Antes dependíamos de nuestros esposos y las voces de las mujeres no eran escuchadas por las autoridades, mucho menos nuestros reclamos. Éramos marginadas pero cuando vinieron los ingenieros de Plan Internacional nos han dado capacitaciones y fomentaban la participación de cada socia para poder enfrentar nuestros miedos y salir así a una oficina (de las autoridades locales).

¿Desde cuándo se dedican a la crianza de cuyes?

Siempre criábamos cuyes pero no en la cantidad y calidad que ahora podemos vender. Desde el 2014 comenzamos a trabajar con Plan Internacional que nos apoyó con la crianza del cuy, ahora vendemos la carne de cuy en carcasas, listos para el horno.

¿Cuántos cuyes producen para vender?

Cada socia produce y vende 30 cuyes, algunas 50, las mamás de mayor edad tienen entre 100 y 150 cuyes, y hay otras que poseen entre 300 a 400 y así solventan sus gastos.

¿Quiénes son sus principales clientes?

Los restaurantes de Cusco nos llaman para pedir 100, 150 cuyes pelados y los llevamos a Cusco. También vendemos a los consumidores locales. Los ingenieros de Plan Internacional llegaron a Quiñer para apoyarnos, desde mediados del año 2016 nos ayudaron a contactar con los compradores.

¿Y cómo piensan buscar nuevos clientes o exportar sus cuyes?
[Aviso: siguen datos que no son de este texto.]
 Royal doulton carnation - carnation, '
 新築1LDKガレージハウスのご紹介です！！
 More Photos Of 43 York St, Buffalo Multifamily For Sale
Necesitamos un mercado que nos pueda comprar con precio justo porque a veces invertimos mucho en el cuy y según eso queremos que nos genere ganancias, por eso pensamos formar una micro o pequeña empresa no de pocas sino bastantes mujeres para poder salir a vender más y nuestros hijos sean mejores que nosotros. Nuestra meta es formar una microempresa y queremos lograrlo.

Rufina Cáceres explica a Stefaan Pauwels, jefe de Cooperación de la Delegación de la Unión Europea en Perú, sobre el impacto del apoyo de Plan International en la crianza de cuyes.